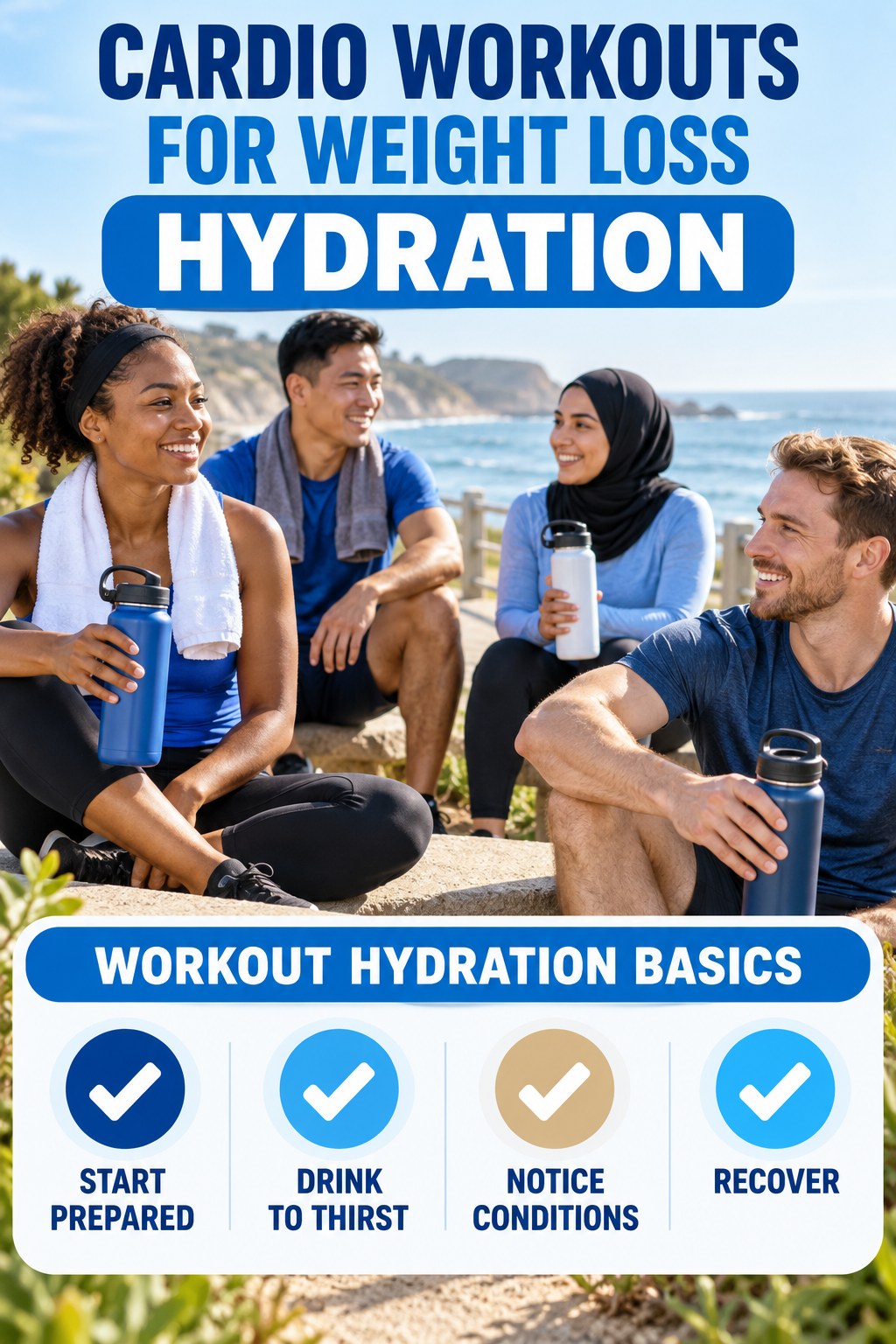 Cardio Workouts for Weight Loss hydration graphic titled Workout Hydration Basics with four flexible water-habit prompts and no fixed intake target.
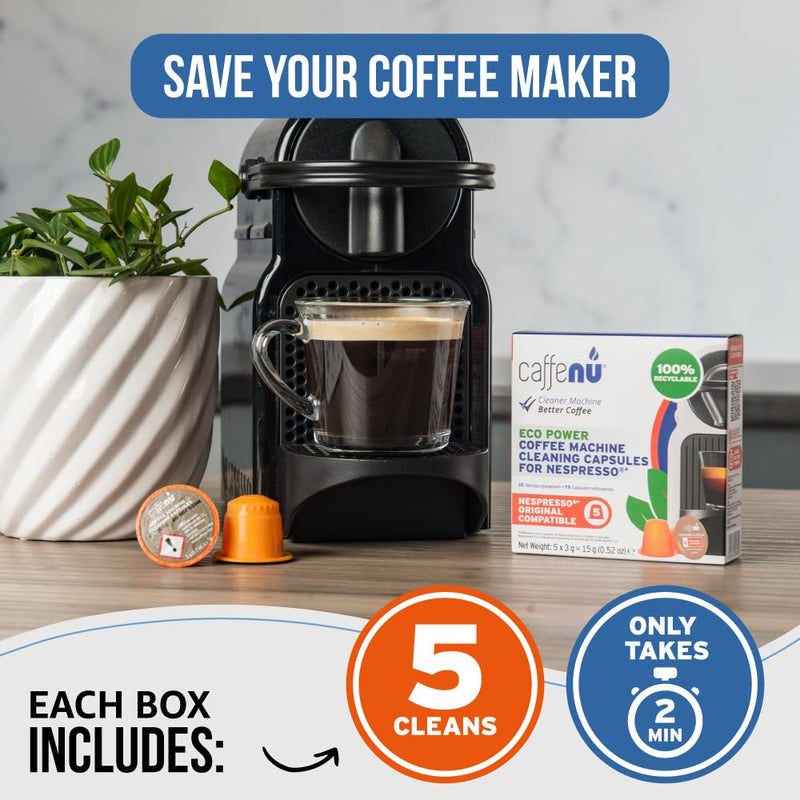 Caffenu Nespresso Compatible Cleaning Pods. 5 Cleaner Capsules. Improved Coffee Flavor. For Nespresso Originaline, Use with Descaling Kit. 5 Count (Pack of 1)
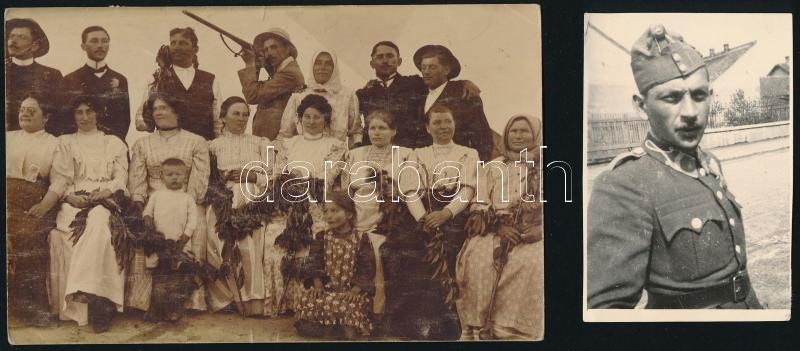 cca 1900 4 db fotó, közte egy katona, 8x5,5 cm és 9x14 cm közötti méretekben - Image 2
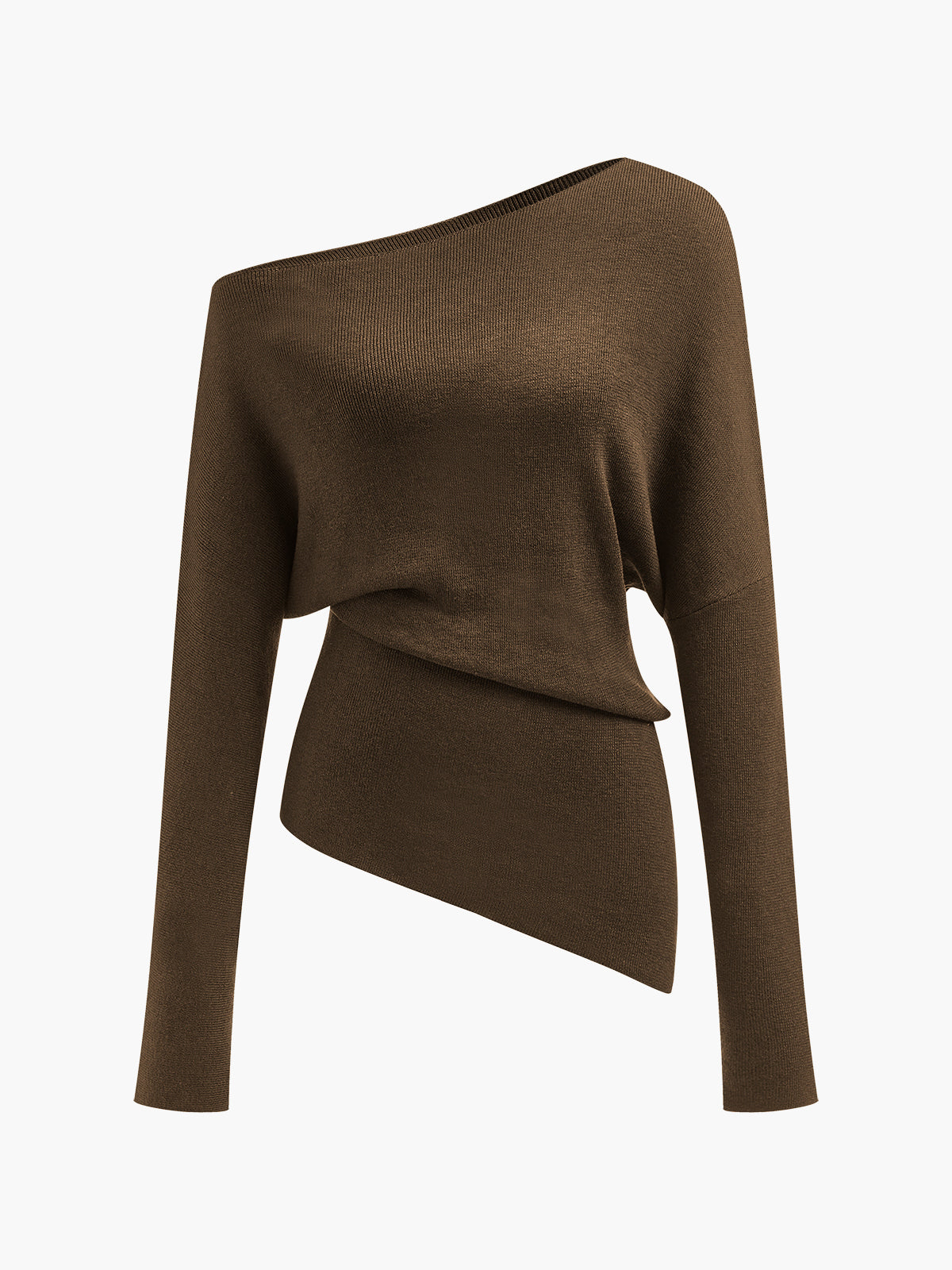 Wool-Blend Asymmetrical Neck Knit Üst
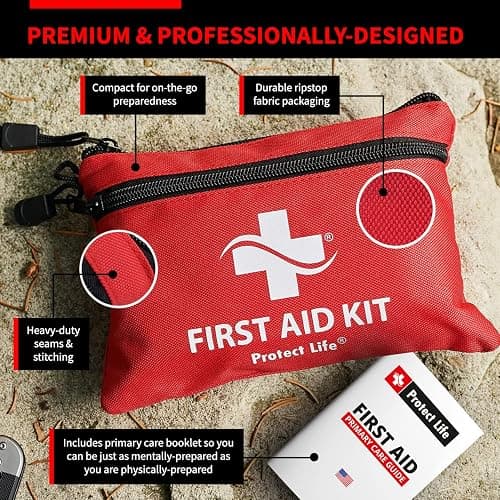 Protect Life Doctor Developed Mini First Aid Kit, 100 Piece Waterproof Emergency Kit for Car, Boat, Camping & Travel, Includes Emergency Blanket, Tourniquet & First Aid Guide thumbnail 3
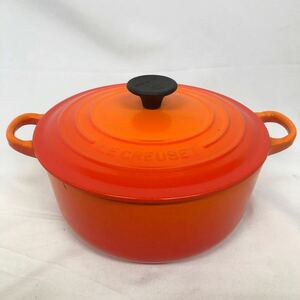 ル・クルーゼ　LE CREUSET ルクルーゼ 調理器具 オレンジ ココットロンド　20cm　 ホーロー鍋 両手鍋 ①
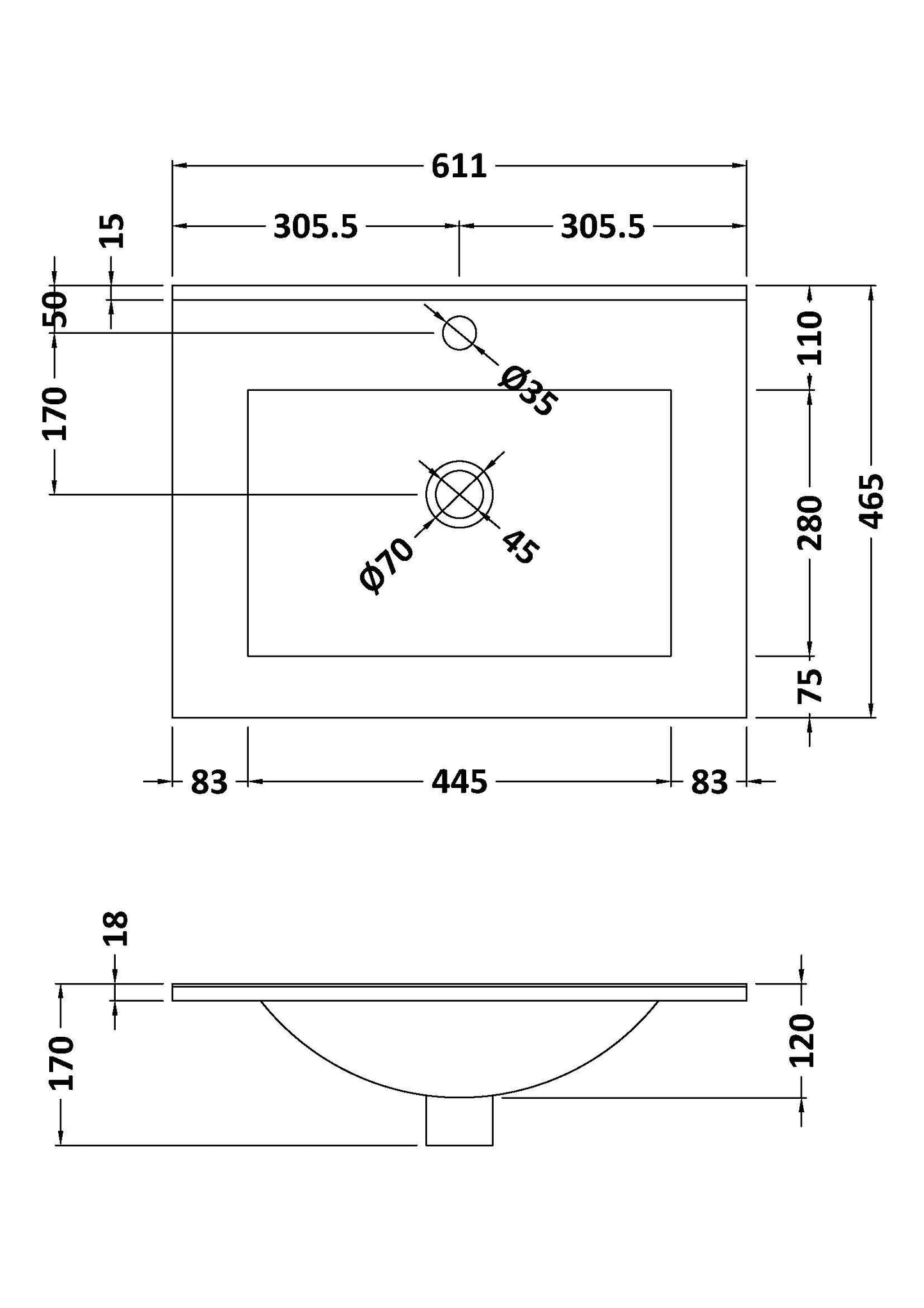 1 Tap Hole Minimalist Basin - 600mm x 460mm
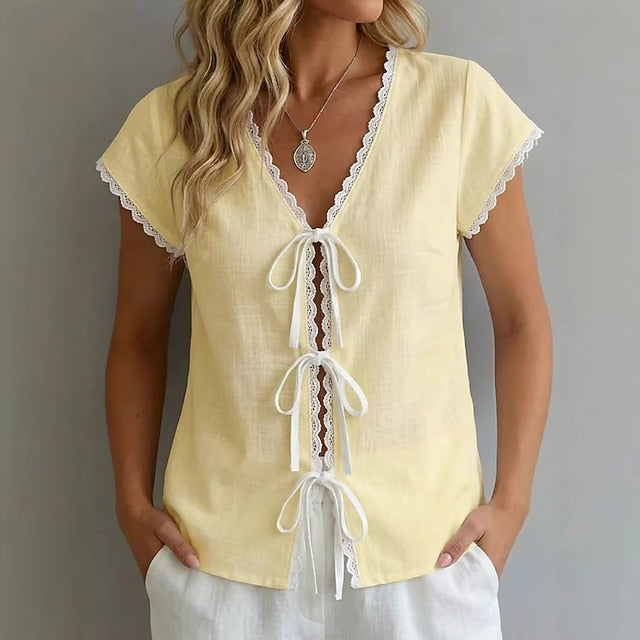 Women's Lace Tops Lace Trim Solid Color Elegant Short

▶ [Task description] Starting with the line above that holds "Caffenu Nespresso Compatible", restate each line word for word up to and including the line that holds "Wool-Blend Asymmetrical Neck Knit Üst". Drop the pictures.

▶ [Output for this task]
 Caffenu Nespresso Compatible Cleaning Pods. 5 Cleaner Capsules. Improved Coffee Flavor. For Nespresso Originaline, Use with Descaling Kit. 5 Count (Pack of 1)
 cca 1900 4 db fotó, közte egy katona, 8x5,5 cm és 9x14 cm közötti méretekben - Image 2
 Wool-Blend Asymmetrical Neck Knit Üst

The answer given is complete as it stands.